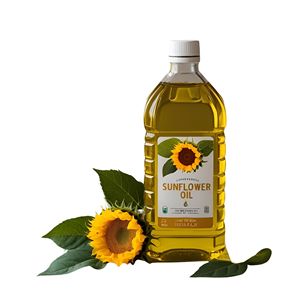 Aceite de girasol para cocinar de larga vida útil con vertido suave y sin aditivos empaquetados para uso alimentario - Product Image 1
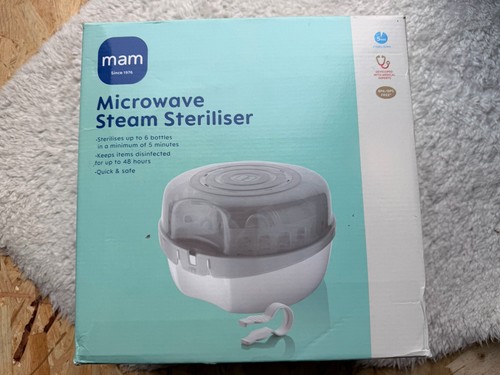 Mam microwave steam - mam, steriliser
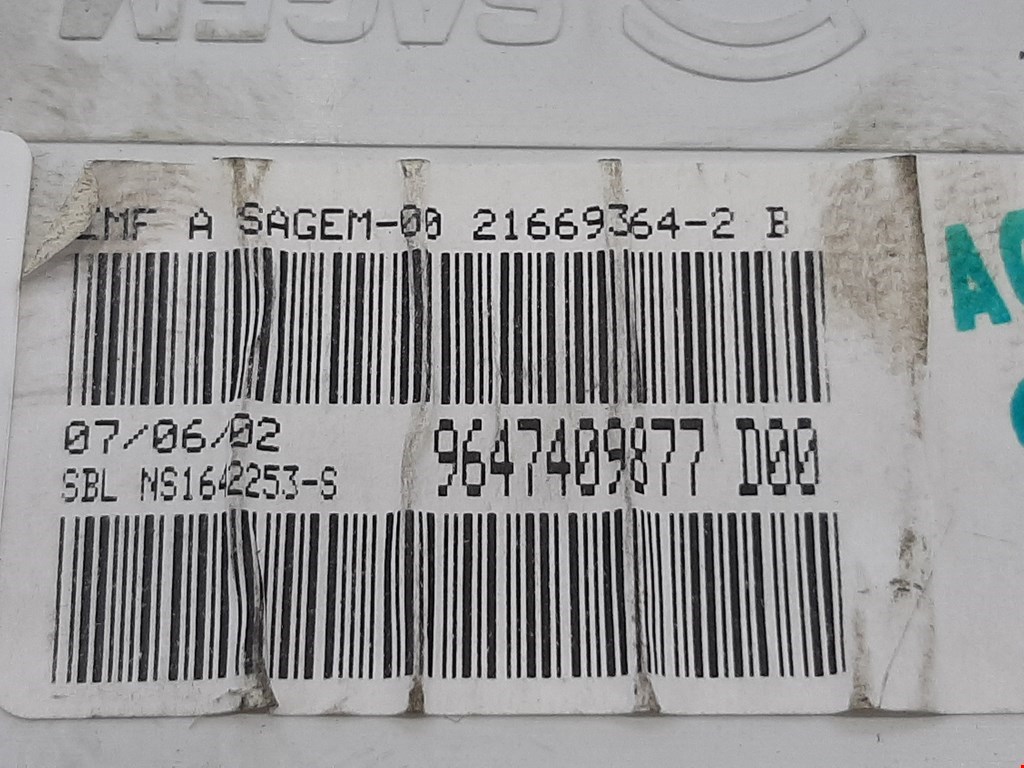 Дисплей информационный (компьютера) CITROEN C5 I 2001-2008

--

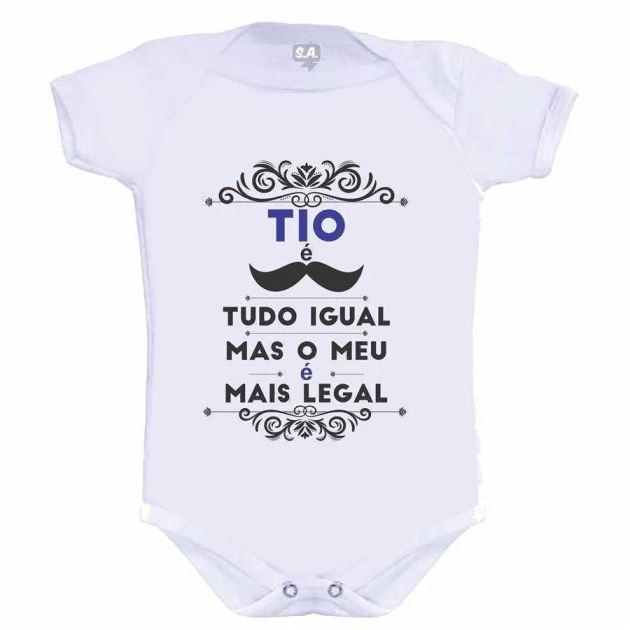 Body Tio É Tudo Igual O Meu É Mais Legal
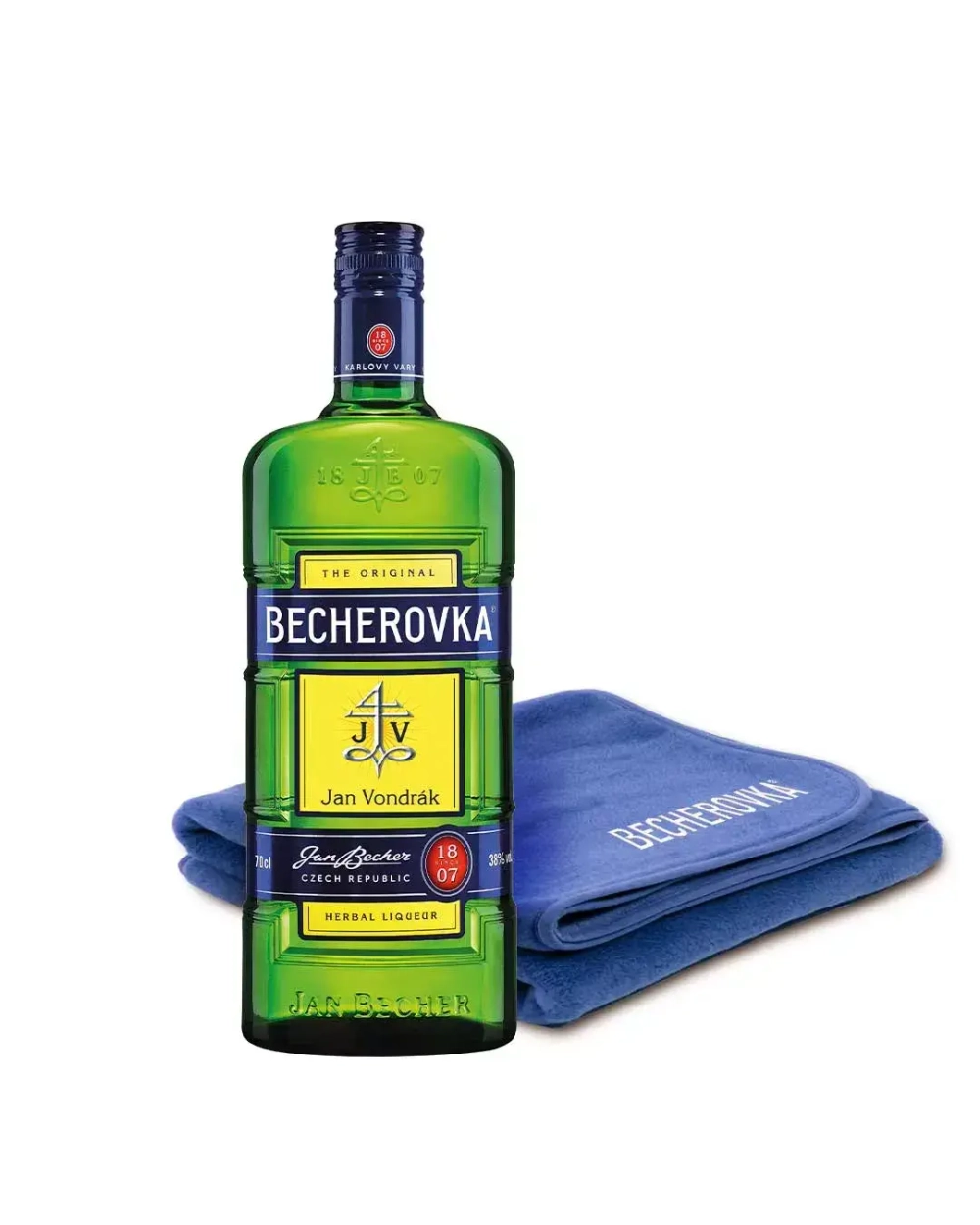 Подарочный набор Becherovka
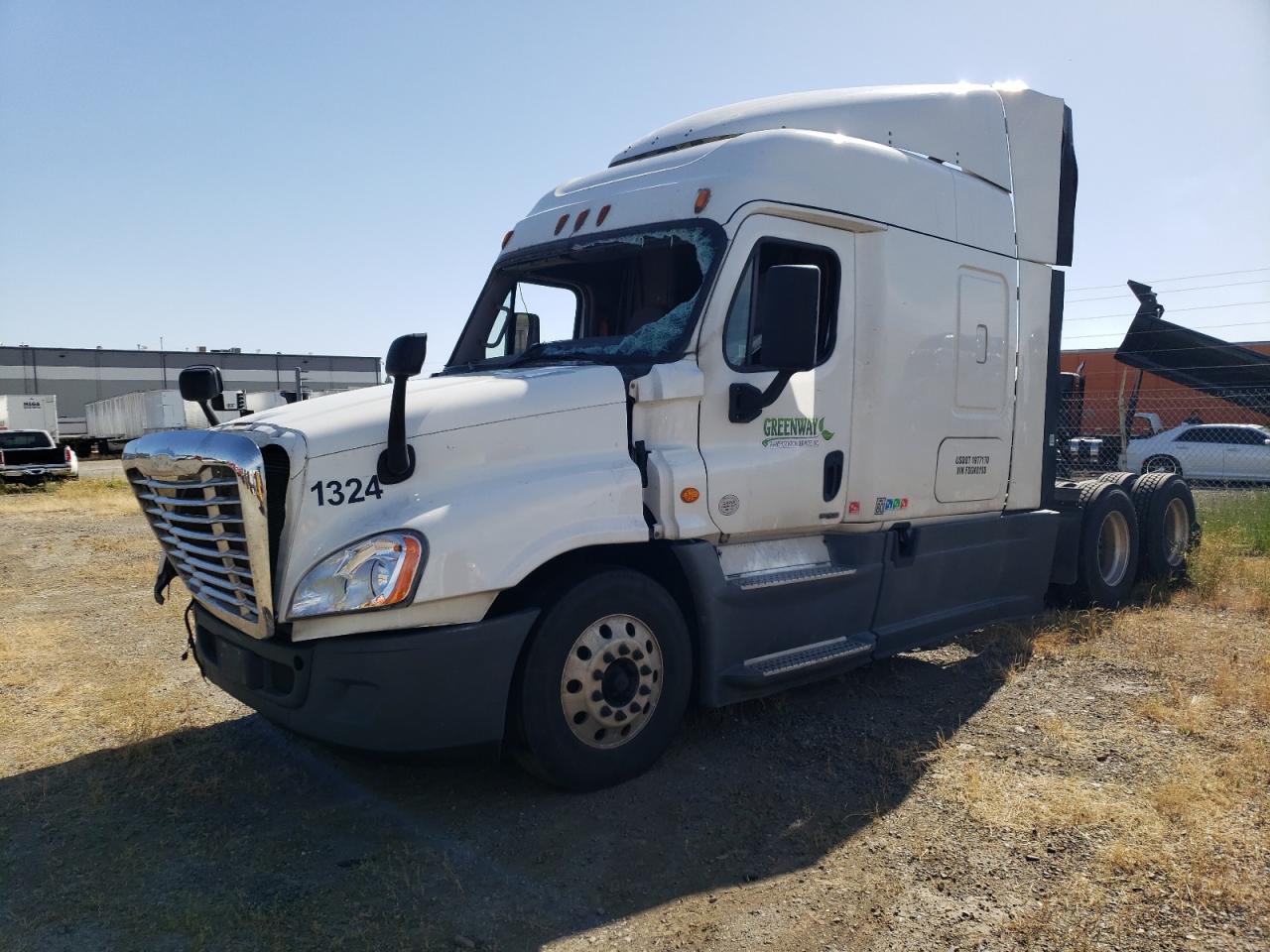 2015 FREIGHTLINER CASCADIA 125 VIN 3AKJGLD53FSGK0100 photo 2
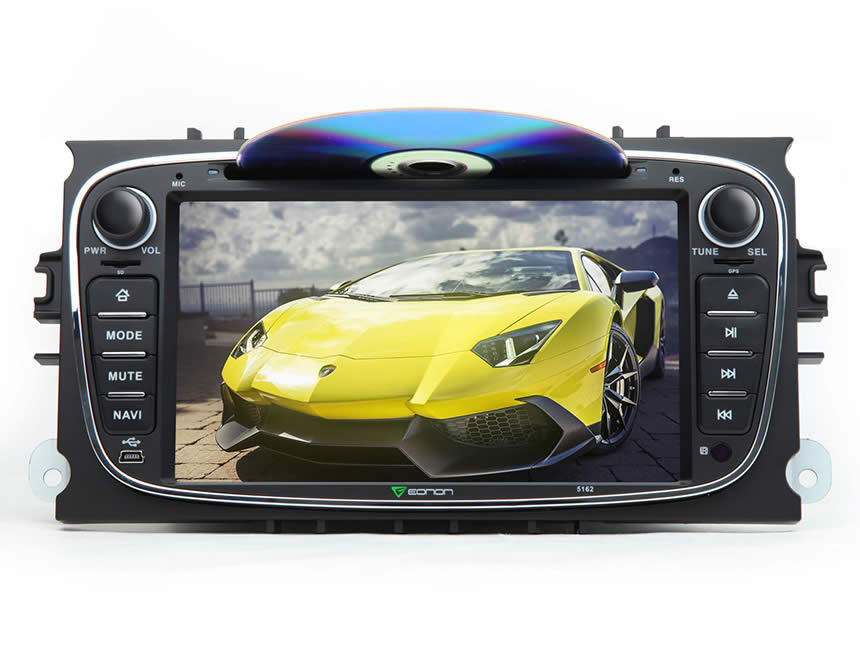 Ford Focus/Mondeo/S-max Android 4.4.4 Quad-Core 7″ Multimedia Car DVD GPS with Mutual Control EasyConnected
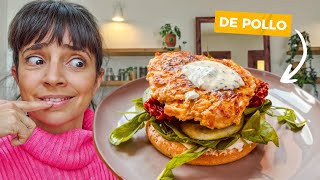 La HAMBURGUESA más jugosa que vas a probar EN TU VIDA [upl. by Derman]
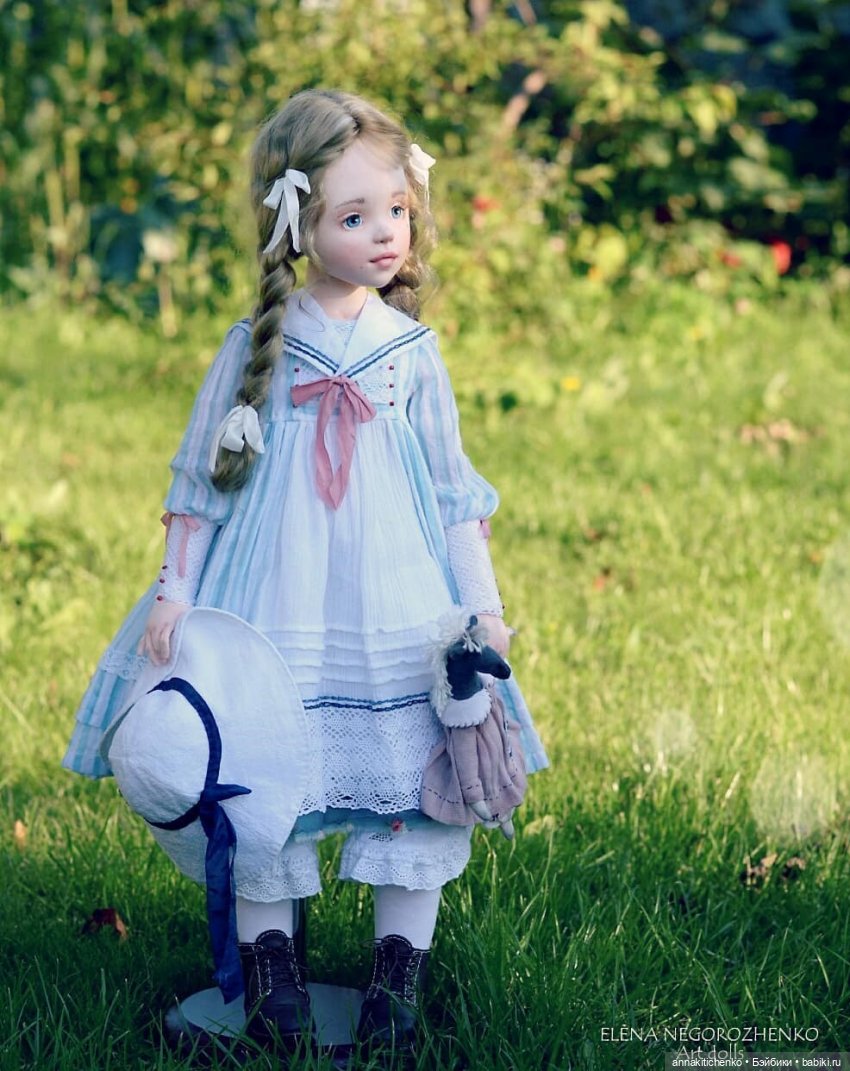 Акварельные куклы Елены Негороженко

Problem requirements
Within the listing above, write out the stretch from the line with "Body Tio É Tudo Igual O Meu É Mais Legal" through the line with "Акварельные куклы Елены Негороженко" exactly. Any pictures are to be left out.

Reply
 Body Tio É Tudo Igual O Meu É Mais Legal
 Подарочный набор Becherovka
 2015 FREIGHTLINER CASCADIA 125 VIN 3AKJGLD53FSGK0100 photo 2
 Ford Focus/Mondeo/S-max Android 4.4.4 Quad-Core 7″ Multimedia Car DVD GPS with Mutual Control EasyConnected
 La HAMBURGUESA más jugosa que vas a probar EN TU VIDA [upl. by Derman]
 Акварельные куклы Елены Негороженко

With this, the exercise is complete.